## TASK DESCRIPTION
Your reply must consist of the data below, reproduced character for character.

==== MATERIAL PROVIDED ====

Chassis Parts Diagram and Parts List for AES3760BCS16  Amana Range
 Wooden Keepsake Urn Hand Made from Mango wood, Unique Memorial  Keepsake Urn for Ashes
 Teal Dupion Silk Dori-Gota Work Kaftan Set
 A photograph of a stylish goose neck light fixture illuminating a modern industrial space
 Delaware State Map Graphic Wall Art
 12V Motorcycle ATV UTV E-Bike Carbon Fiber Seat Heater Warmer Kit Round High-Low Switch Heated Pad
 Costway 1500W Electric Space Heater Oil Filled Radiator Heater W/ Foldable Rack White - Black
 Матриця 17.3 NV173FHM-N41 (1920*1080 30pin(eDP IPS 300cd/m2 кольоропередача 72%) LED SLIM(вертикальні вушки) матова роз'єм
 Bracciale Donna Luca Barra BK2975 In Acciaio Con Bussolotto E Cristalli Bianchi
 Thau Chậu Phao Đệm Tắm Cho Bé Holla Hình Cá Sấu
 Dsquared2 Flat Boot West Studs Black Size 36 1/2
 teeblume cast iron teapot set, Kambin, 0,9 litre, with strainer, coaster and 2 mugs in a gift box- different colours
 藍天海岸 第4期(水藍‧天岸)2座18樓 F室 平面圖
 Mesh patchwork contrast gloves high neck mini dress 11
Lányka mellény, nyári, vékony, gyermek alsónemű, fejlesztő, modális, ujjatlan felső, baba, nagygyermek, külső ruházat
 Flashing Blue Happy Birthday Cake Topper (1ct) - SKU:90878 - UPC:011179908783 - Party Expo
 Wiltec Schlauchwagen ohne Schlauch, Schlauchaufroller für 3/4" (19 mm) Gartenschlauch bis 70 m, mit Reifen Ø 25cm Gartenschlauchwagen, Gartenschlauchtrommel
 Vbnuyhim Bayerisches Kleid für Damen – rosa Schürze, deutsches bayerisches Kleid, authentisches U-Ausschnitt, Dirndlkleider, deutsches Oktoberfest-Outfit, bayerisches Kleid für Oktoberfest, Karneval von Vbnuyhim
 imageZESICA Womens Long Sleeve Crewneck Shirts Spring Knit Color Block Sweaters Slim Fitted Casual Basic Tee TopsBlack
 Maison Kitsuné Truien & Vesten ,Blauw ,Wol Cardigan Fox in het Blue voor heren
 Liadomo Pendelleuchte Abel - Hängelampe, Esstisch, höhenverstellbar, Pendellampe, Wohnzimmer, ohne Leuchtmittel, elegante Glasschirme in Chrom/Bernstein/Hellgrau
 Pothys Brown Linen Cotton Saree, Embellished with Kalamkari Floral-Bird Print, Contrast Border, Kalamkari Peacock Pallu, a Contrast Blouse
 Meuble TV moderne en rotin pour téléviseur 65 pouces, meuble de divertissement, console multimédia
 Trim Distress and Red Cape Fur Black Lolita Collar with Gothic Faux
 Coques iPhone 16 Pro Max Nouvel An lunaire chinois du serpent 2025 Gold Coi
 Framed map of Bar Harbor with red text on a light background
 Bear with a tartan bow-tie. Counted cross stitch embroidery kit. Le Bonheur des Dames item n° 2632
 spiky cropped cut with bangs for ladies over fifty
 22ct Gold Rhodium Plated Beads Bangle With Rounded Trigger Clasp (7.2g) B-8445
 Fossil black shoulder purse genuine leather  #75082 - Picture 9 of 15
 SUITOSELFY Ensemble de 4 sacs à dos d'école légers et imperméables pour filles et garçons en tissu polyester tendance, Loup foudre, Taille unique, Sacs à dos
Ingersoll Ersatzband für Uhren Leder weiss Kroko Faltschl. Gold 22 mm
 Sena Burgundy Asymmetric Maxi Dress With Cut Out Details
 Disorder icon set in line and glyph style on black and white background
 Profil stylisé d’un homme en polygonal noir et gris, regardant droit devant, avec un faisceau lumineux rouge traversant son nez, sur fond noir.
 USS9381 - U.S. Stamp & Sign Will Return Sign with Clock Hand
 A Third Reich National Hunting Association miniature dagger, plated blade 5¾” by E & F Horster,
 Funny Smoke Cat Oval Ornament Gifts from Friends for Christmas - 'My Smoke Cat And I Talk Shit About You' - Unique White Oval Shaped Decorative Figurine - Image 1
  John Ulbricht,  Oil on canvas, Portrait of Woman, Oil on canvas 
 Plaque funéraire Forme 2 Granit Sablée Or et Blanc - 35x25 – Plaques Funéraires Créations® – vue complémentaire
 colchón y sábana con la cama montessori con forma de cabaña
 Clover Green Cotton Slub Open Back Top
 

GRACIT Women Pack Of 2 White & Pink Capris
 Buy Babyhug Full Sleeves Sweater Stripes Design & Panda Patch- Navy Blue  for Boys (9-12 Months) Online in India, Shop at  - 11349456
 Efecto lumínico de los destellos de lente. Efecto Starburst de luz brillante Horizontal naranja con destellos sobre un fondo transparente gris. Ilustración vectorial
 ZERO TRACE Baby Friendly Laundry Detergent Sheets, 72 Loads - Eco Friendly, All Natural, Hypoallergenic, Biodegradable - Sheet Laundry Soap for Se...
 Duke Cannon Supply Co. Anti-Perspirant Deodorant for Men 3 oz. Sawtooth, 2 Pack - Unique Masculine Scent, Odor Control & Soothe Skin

====

## REPLY
Chassis Parts Diagram and Parts List for AES3760BCS16  Amana Range
 Wooden Keepsake Urn Hand Made from Mango wood, Unique Memorial  Keepsake Urn for Ashes
 Teal Dupion Silk Dori-Gota Work Kaftan Set
 A photograph of a stylish goose neck light fixture illuminating a modern industrial space
 Delaware State Map Graphic Wall Art
 12V Motorcycle ATV UTV E-Bike Carbon Fiber Seat Heater Warmer Kit Round High-Low Switch Heated Pad
 Costway 1500W Electric Space Heater Oil Filled Radiator Heater W/ Foldable Rack White - Black
 Матриця 17.3 NV173FHM-N41 (1920*1080 30pin(eDP IPS 300cd/m2 кольоропередача 72%) LED SLIM(вертикальні вушки) матова роз'єм
 Bracciale Donna Luca Barra BK2975 In Acciaio Con Bussolotto E Cristalli Bianchi
 Thau Chậu Phao Đệm Tắm Cho Bé Holla Hình Cá Sấu
 Dsquared2 Flat Boot West Studs Black Size 36 1/2
 teeblume cast iron teapot set, Kambin, 0,9 litre, with strainer, coaster and 2 mugs in a gift box- different colours
 藍天海岸 第4期(水藍‧天岸)2座18樓 F室 平面圖
 Mesh patchwork contrast gloves high neck mini dress 11
Lányka mellény, nyári, vékony, gyermek alsónemű, fejlesztő, modális, ujjatlan felső, baba, nagygyermek, külső ruházat
 Flashing Blue Happy Birthday Cake Topper (1ct) - SKU:90878 - UPC:011179908783 - Party Expo
 Wiltec Schlauchwagen ohne Schlauch, Schlauchaufroller für 3/4" (19 mm) Gartenschlauch bis 70 m, mit Reifen Ø 25cm Gartenschlauchwagen, Gartenschlauchtrommel
 Vbnuyhim Bayerisches Kleid für Damen – rosa Schürze, deutsches bayerisches Kleid, authentisches U-Ausschnitt, Dirndlkleider, deutsches Oktoberfest-Outfit, bayerisches Kleid für Oktoberfest, Karneval von Vbnuyhim
 imageZESICA Womens Long Sleeve Crewneck Shirts Spring Knit Color Block Sweaters Slim Fitted Casual Basic Tee TopsBlack
 Maison Kitsuné Truien & Vesten ,Blauw ,Wol Cardigan Fox in het Blue voor heren
 Liadomo Pendelleuchte Abel - Hängelampe, Esstisch, höhenverstellbar, Pendellampe, Wohnzimmer, ohne Leuchtmittel, elegante Glasschirme in Chrom/Bernstein/Hellgrau
 Pothys Brown Linen Cotton Saree, Embellished with Kalamkari Floral-Bird Print, Contrast Border, Kalamkari Peacock Pallu, a Contrast Blouse
 Meuble TV moderne en rotin pour téléviseur 65 pouces, meuble de divertissement, console multimédia
 Trim Distress and Red Cape Fur Black Lolita Collar with Gothic Faux
 Coques iPhone 16 Pro Max Nouvel An lunaire chinois du serpent 2025 Gold Coi
 Framed map of Bar Harbor with red text on a light background
 Bear with a tartan bow-tie. Counted cross stitch embroidery kit. Le Bonheur des Dames item n° 2632
 spiky cropped cut with bangs for ladies over fifty
 22ct Gold Rhodium Plated Beads Bangle With Rounded Trigger Clasp (7.2g) B-8445
 Fossil black shoulder purse genuine leather  #75082 - Picture 9 of 15
 SUITOSELFY Ensemble de 4 sacs à dos d'école légers et imperméables pour filles et garçons en tissu polyester tendance, Loup foudre, Taille unique, Sacs à dos
Ingersoll Ersatzband für Uhren Leder weiss Kroko Faltschl. Gold 22 mm
 Sena Burgundy Asymmetric Maxi Dress With Cut Out Details
 Disorder icon set in line and glyph style on black and white background
 Profil stylisé d’un homme en polygonal noir et gris, regardant droit devant, avec un faisceau lumineux rouge traversant son nez, sur fond noir.
 USS9381 - U.S. Stamp & Sign Will Return Sign with Clock Hand
 A Third Reich National Hunting Association miniature dagger, plated blade 5¾” by E & F Horster,
 Funny Smoke Cat Oval Ornament Gifts from Friends for Christmas - 'My Smoke Cat And I Talk Shit About You' - Unique White Oval Shaped Decorative Figurine - Image 1
  John Ulbricht,  Oil on canvas, Portrait of Woman, Oil on canvas 
 Plaque funéraire Forme 2 Granit Sablée Or et Blanc - 35x25 – Plaques Funéraires Créations® – vue complémentaire
 colchón y sábana con la cama montessori con forma de cabaña
 Clover Green Cotton Slub Open Back Top
 

GRACIT Women Pack Of 2 White & Pink Capris
 Buy Babyhug Full Sleeves Sweater Stripes Design & Panda Patch- Navy Blue  for Boys (9-12 Months) Online in India, Shop at  - 11349456
 Efecto lumínico de los destellos de lente. Efecto Starburst de luz brillante Horizontal naranja con destellos sobre un fondo transparente gris. Ilustración vectorial
 ZERO TRACE Baby Friendly Laundry Detergent Sheets, 72 Loads - Eco Friendly, All Natural, Hypoallergenic, Biodegradable - Sheet Laundry Soap for Se...
 Duke Cannon Supply Co. Anti-Perspirant Deodorant for Men 3 oz. Sawtooth, 2 Pack - Unique Masculine Scent, Odor Control & Soothe Skin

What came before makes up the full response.